TASK DESCRIPTION: Please return exactly the line that contains "Here you can" and every line after it, through the last line of the records below, with no pictures.

(Stored data entries)

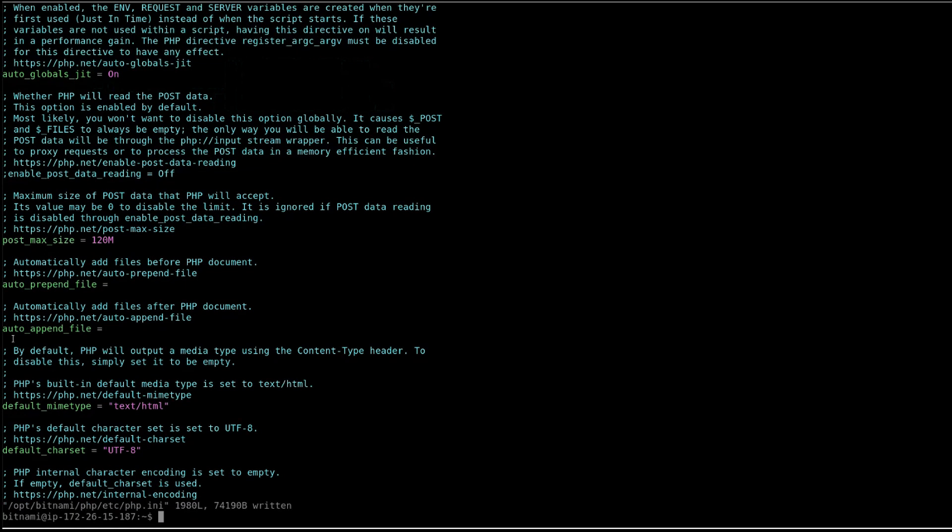Verify that the limit request body parameter is specified in the Apache configuration file. If the parameter is not specified, then there is no size restriction in Apache web server configuration limits.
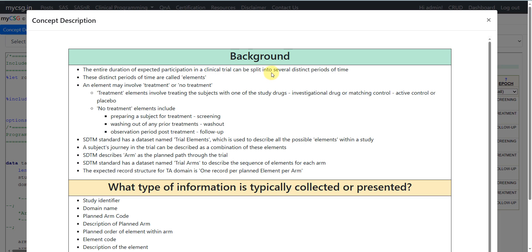The entire duration of expected participation in a clinical trial can be split into several distinct periods of time, called elements. An element may involve giving some treatment to the subject or not providing any treatment. Treatment elements involve treating subjects with one of the study drugs like an investigational drug or matching control — which could be active control or placebo. No-treatment elements include screening, washout, and follow-up.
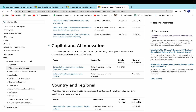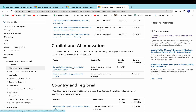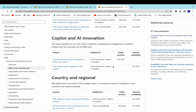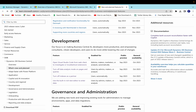Under Copilot and AI Innovation, we have already learned about 'get marketing text suggestions with Copilot.' There is also a new feature: 'complete bank account reconciliation faster with Copilot.' Bank account reconciliation is always a tedious task, but with the inclusion of the AI/Copilot feature it becomes much easier and smoother. We will learn how to use this feature when it is available for public preview in October. These features also have some regional availability considerations.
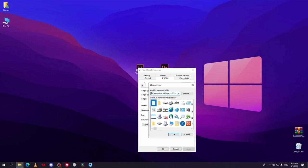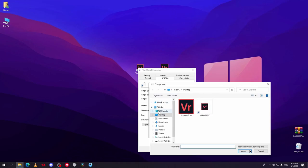Go to Change Icon and click on Browse. Then go to the location where you have saved the new logo.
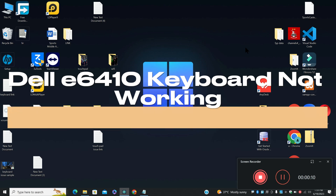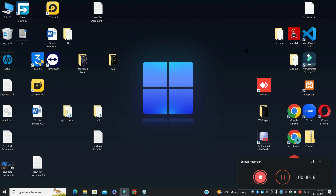Welcome back with another video. In this video, I will tell you about Dell E6410 keyboard not working. So if you are facing the keyboard related problem in Dell E6410, I will show you how to fix it.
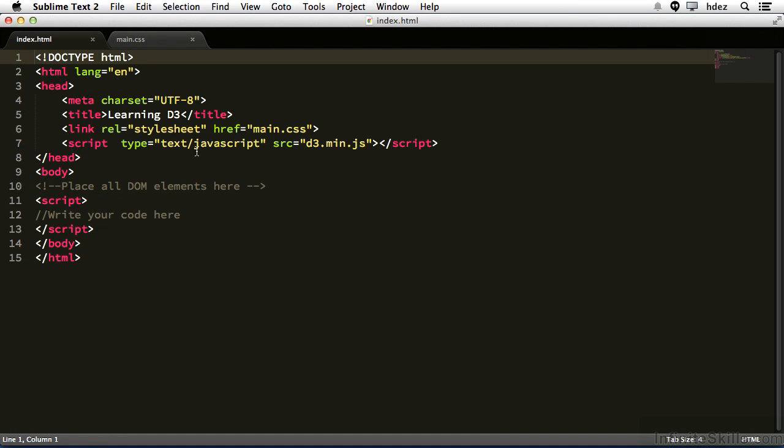Since we'll be dealing with datasets, I want to make sure that we review some really basic array and object concepts in JavaScript. First, let's create a dataset.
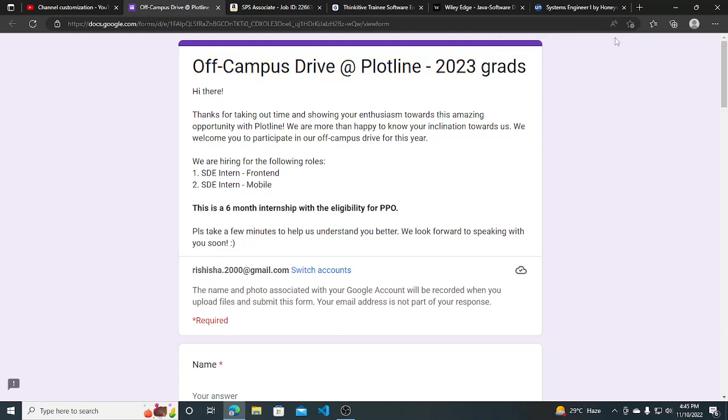Hi everyone, in this video we'll discuss many hiring opportunities. First, make sure you like this video, then go ahead with the hiring opportunities. We'll discuss all of them one by one.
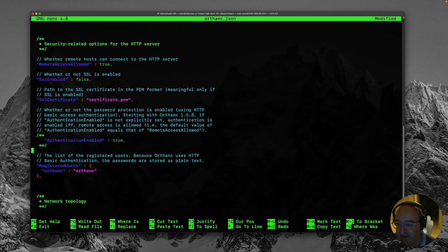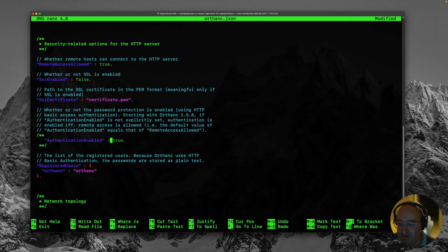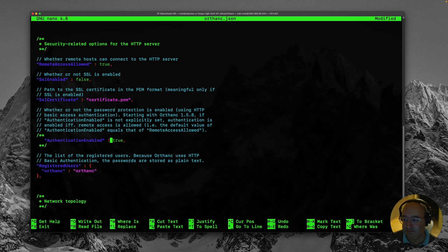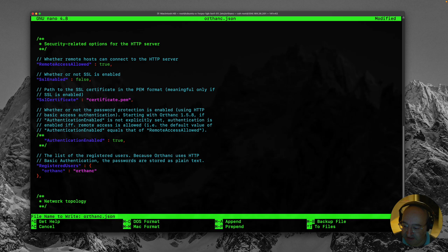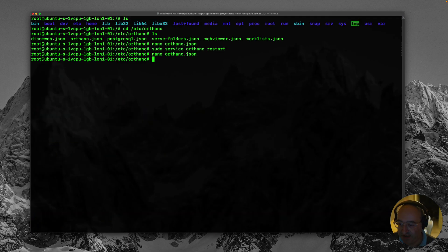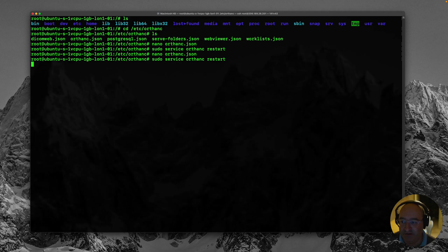And authentication enabled. True. Okay. Let's try that. Control X. Yes. Save and exit. And remember we do need to do another server restart. Let's give it a go.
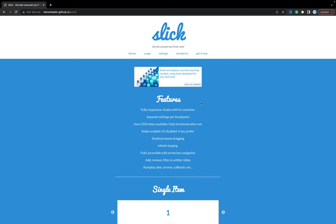Welcome! In this video I will show you how to create a carousel with the Slick library.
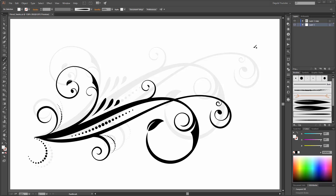Hi there. Welcome to another Adobe Illustrator tutorial. This is Andrik from Dagoobi. In this tutorial I would like to show you how to create this design.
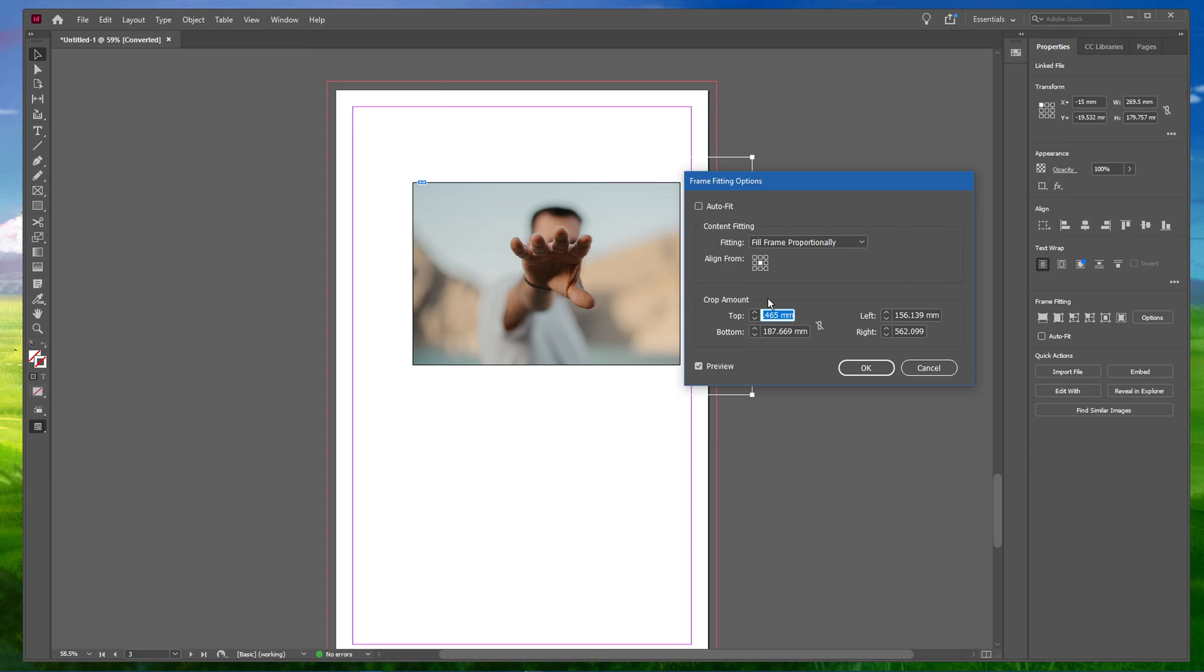Here you can specify the crop amount. However, this is not the best way to crop images, it's always better if you crop the images manually.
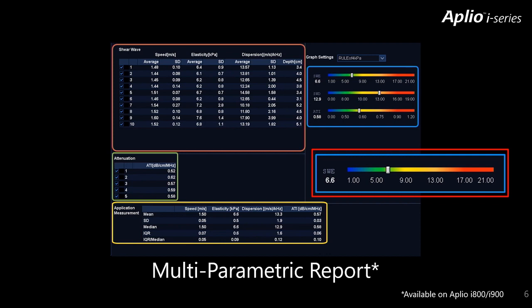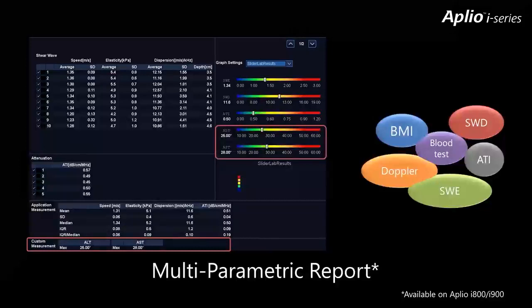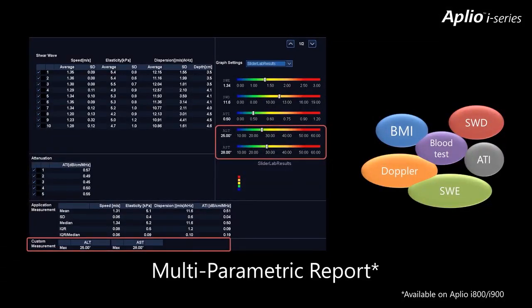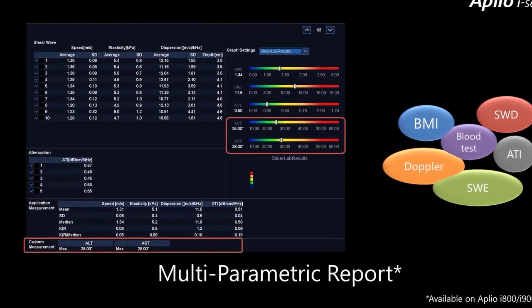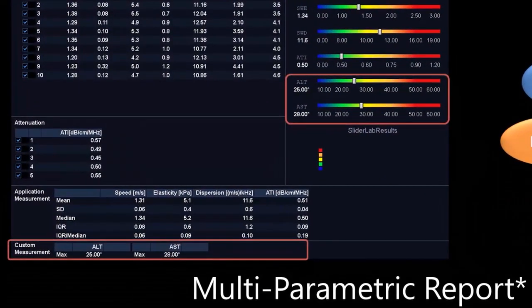With the multi-parametric report, you can quickly see where the current patient's shear wave results lie in terms of the Rule of Four on a scale of 5, 9, 13, and 17 kPa. The multi-parametric report can also be customized to incorporate clinical information such as BMI or lab values for a more comprehensive assessment of the patient's liver health. Here, we've added AST and ALT lab values to the multi-parametric report, and those can be displayed alongside your quantitative imaging findings for shear wave, shear wave dispersion, and attenuation imaging.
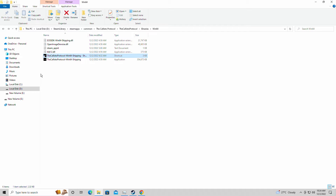Hi guys, welcome back to JavonRules16. I am your host Javon, and today we're out for a quick video. I'm just showing you guys how to find the config and save file for the Kalisto Protocol. As you know, I do this for every new game that comes out.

RESULT OF THIS TASK:
Here you can specify the crop amount. However, this is not the best way to crop images, it's always better if you crop the images manually.
With the multi-parametric report, you can quickly see where the current patient's shear wave results lie in terms of the Rule of Four on a scale of 5, 9, 13, and 17 kPa. The multi-parametric report can also be customized to incorporate clinical information such as BMI or lab values for a more comprehensive assessment of the patient's liver health. Here, we've added AST and ALT lab values to the multi-parametric report, and those can be displayed alongside your quantitative imaging findings for shear wave, shear wave dispersion, and attenuation imaging.
Hi guys, welcome back to JavonRules16. I am your host Javon, and today we're out for a quick video. I'm just showing you guys how to find the config and save file for the Kalisto Protocol. As you know, I do this for every new game that comes out.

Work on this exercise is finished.